We know that Len was in the Territorial Army when war broke out in 1939, and was one of those sent over to protect France from the German Army soon after. The early years of war did not go well for Great Britain and soon the army was in retreat and thousands of soldiers were evacuated from the beaches of Dunkirk in June 1940, Len was one of them. After this time his unit would have had to regroup on the British mainland before being re-armed. There would also need to be re-training in new tactics and the use of new weapons, hence his stay at Brandon in 1941. Sometime after he was shipped out to the deserts of North Africa.
The following is an extract from a website featuring an account of Lance Corporal Derek Birch, who served with the Lincolnshire Regiment through WW2. (http://www.thelincolnshireregiment.org/derekbirch/derekbirch.pdf)
After that we went to Thetford Forest. That was a terrible place. There were Nissan huts all over the area but we only saw our own Company. We saw the Battalion for meals but after that we dispersed among the trees and saw only the Company. There were sixteen in each Nissan hut, bunk beds, a table at each end with an acetylene lamp and a large wash bowl on it.
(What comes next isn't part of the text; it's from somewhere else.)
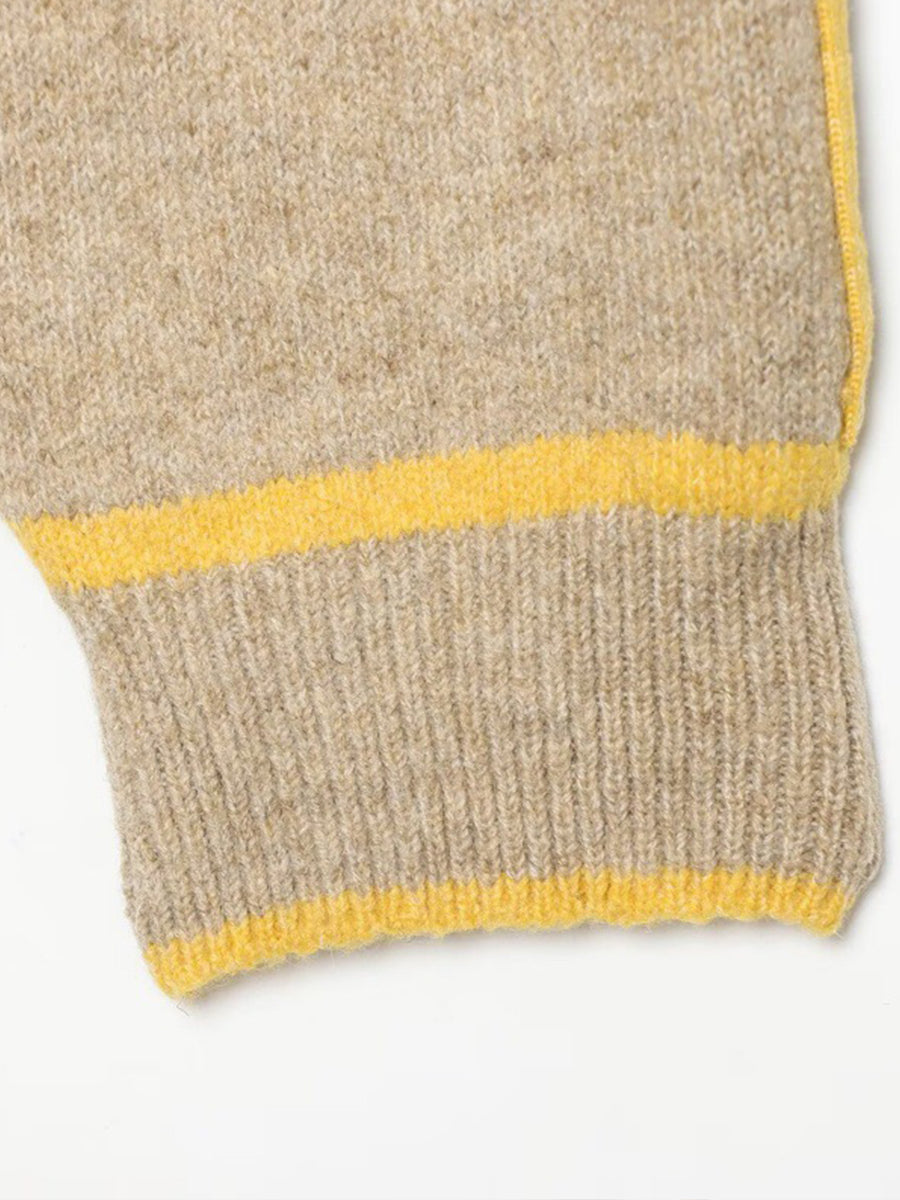Elegante set di abbigliamento da casa in maglia con finiture a blocchi di colore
Two of the lads went each morning to fetch a pail of water to share between the bowls and eight men washed and shaved in each bowl. There was an earth floor. We didn’t go out at night because there were slit trenches all over the place. About once a month we were taken by truck to King’s Lynn for an afternoon and evening…
In January 1943 Len’s battalion arrived at Algiers. On 24th April 1943 Len was killed in action and buried nearby. With the to-ing and fro-ing of action burial plots became scattered, so when the campaign in North Africa was over work began on consolidating these plots into large, more manageable, war cemeteries. On 14th July 1944, his body was exhumed and reburied in Massicault. His headstone is of a white cross with the inscription … “No morning dawns, no night returns, but what we think of you.”
UPDATE: 23rd April 2017
I have been contacted by Jeffrey’s grandson, Daniel Riley, living in Australia, who contacted me and provided images of Len, thus putting a face to the name. Thank you to Daniel.